[Exercise prompt]
Output only the lines that run from the line holding "Cat Daddy Vintage" to the end of the entries, both ends included, and skip the pictures.

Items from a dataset
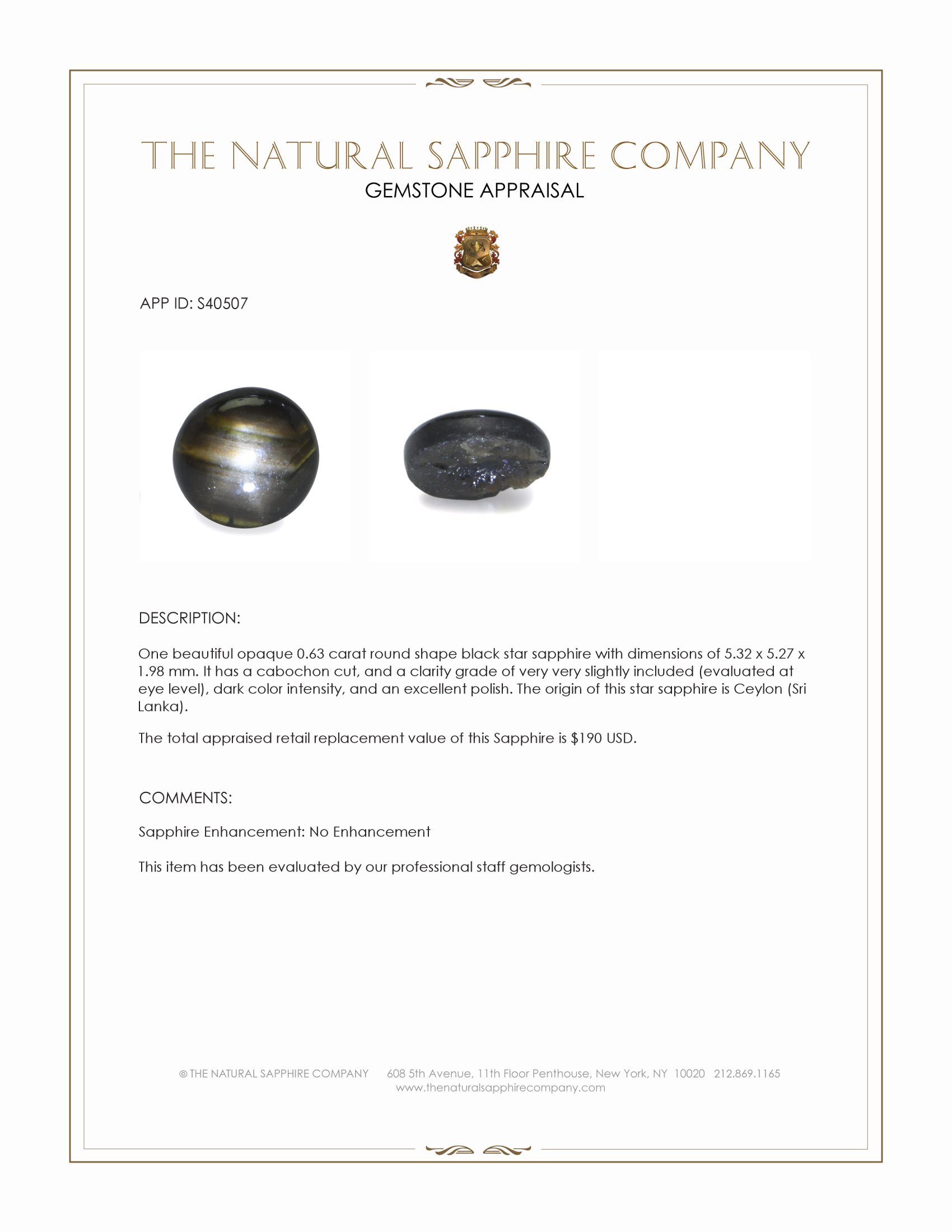 0.63 Ct. Black Star Sapphire from Ceylon (Sri Lanka)
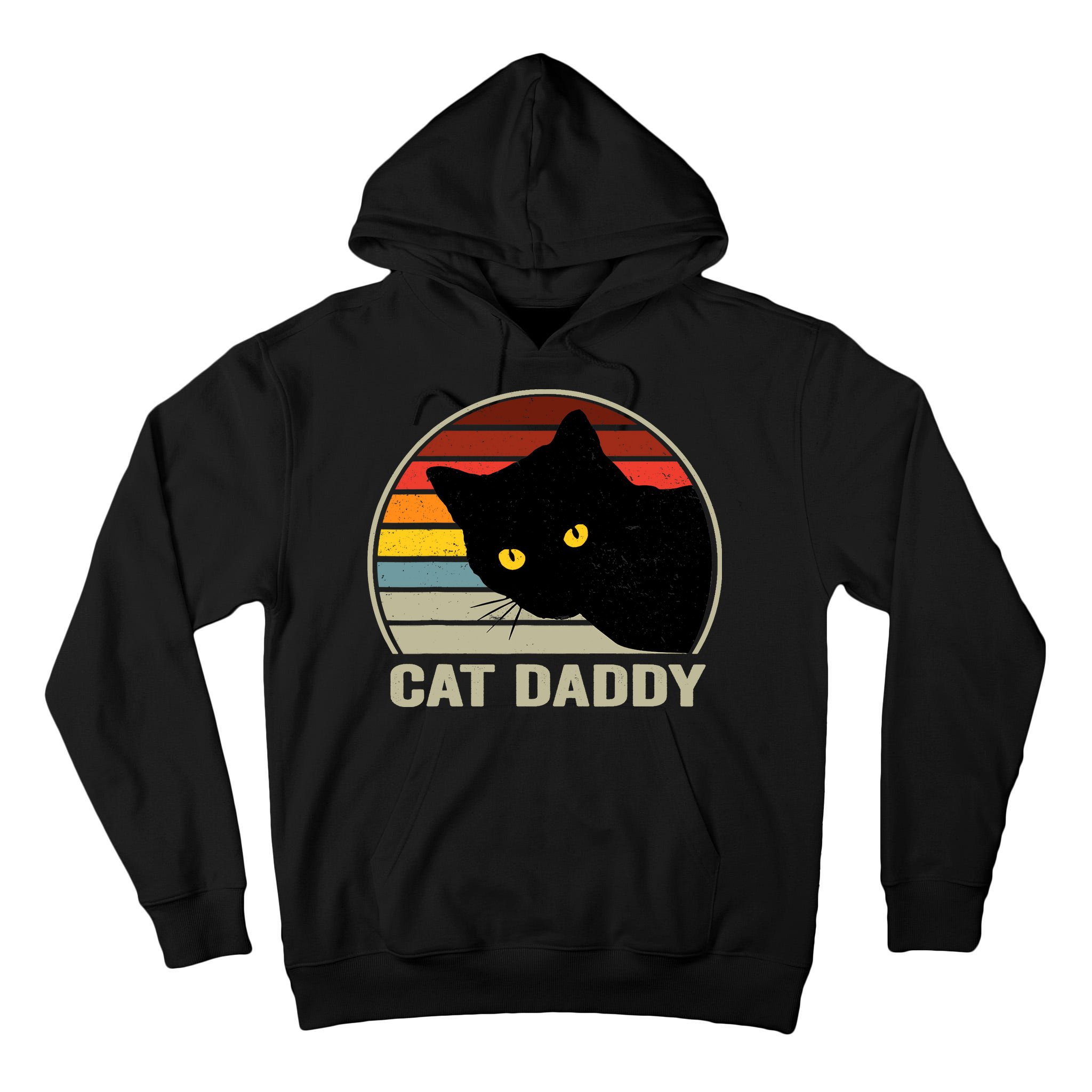 Cat Daddy Vintage Cat 80s Retro Style For Cat Dad Tall Hoodie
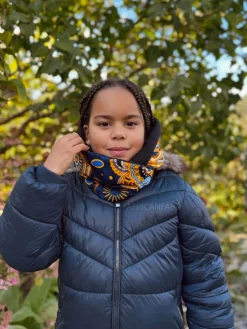 Warme Winter Colsjaal voor Kinderen met Afrikaanse print Unisex - Donkerblauw Geel Paisley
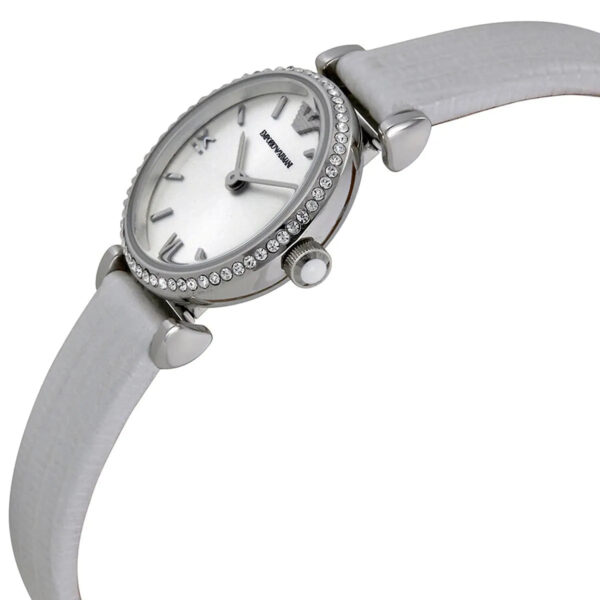 Emporio Armani Gianni T-Bar mini watch angled view of case with crystal bezel and leather strap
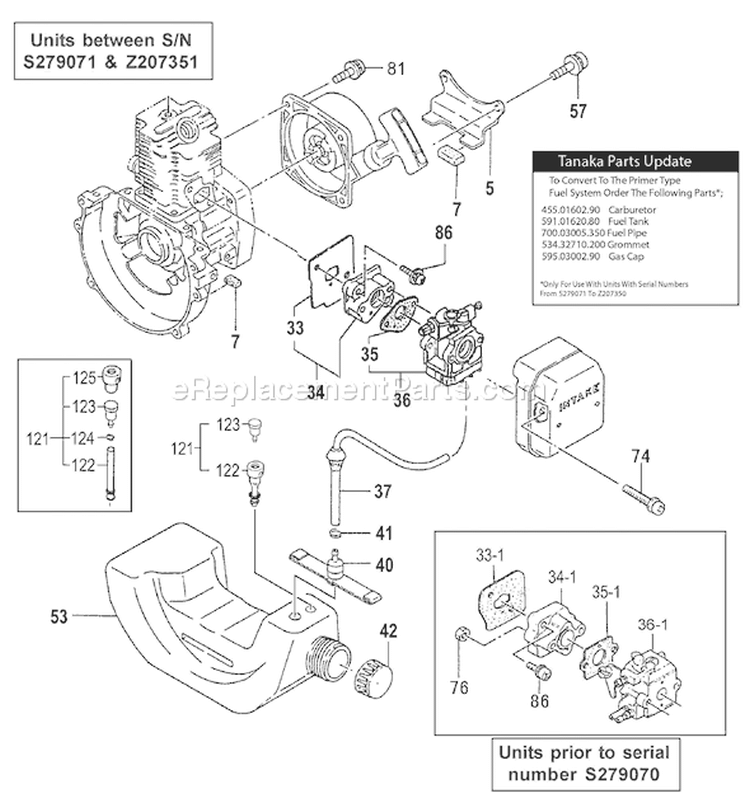 Page J Diagram and Parts List for TED-262L  Tanaka Gas Engine Drill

[Result for this exercise]
 Cat Daddy Vintage Cat 80s Retro Style For Cat Dad Tall Hoodie
 Warme Winter Colsjaal voor Kinderen met Afrikaanse print Unisex - Donkerblauw Geel Paisley
 Emporio Armani Gianni T-Bar mini watch angled view of case with crystal bezel and leather strap
 Page J Diagram and Parts List for TED-262L  Tanaka Gas Engine Drill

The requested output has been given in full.